On Tue, Jan 4, 2011 at 11:42 PM, Dmitriy Sintsov questpc@rambler.ru wrote:
- Brion Vibber brion@pobox.com [Tue, 4 Jan 2011 13:39:28 -0800]:
On Tue, Jan 4, 2011 at 1:27 PM, Dirk Riehle dirk@riehle.org wrote: Wikis started out as *very* lightly formatted plaintext. The point was to be fast and easy -- in the context of web browsers which only offered plaintext editing, lightweight markup for bold/italics and a standard convention for link naming was about as close as you could get to WYSIWYG / WYSIYM.
It is still faster to type link address in square brackets than clicking "add link" icon then typing the link name or selecting it from a drop-down list. Even '' is a bit faster than Ctrl+I (italics via the mouse will be even slower than that).
This exercise is not about making it easier for us, those who have already run smack out onto the long statistical tail in terms of mastery of MediaWiki editing.
Yes, it would be nice if we preserve a geezers-mode for those of us who know shortcut methods.
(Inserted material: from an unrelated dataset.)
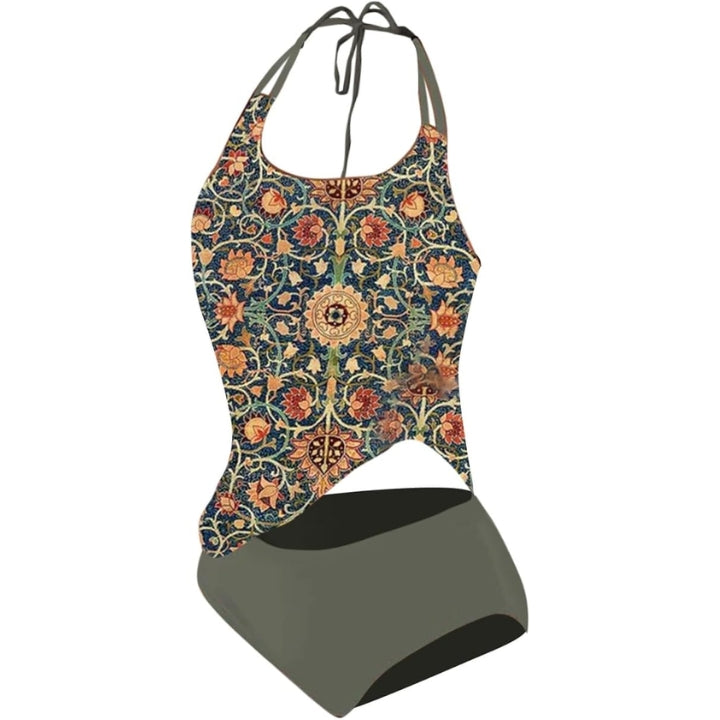 "Bikini femme chic en tissu doux, coupe flatteuse, parfait pour la plage ou piscine, élégance et confort garantis."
Adoption rate of new tools among existing userbase is a major issue with any changes; if we lose too many of the existing crowd due to a change then it takes us many years worth of newbie friendlyness to regain the losses during the conversion. But we should not hamstring thinking about how non-tech people would or could use the project by thinking in terms of geezers-mode.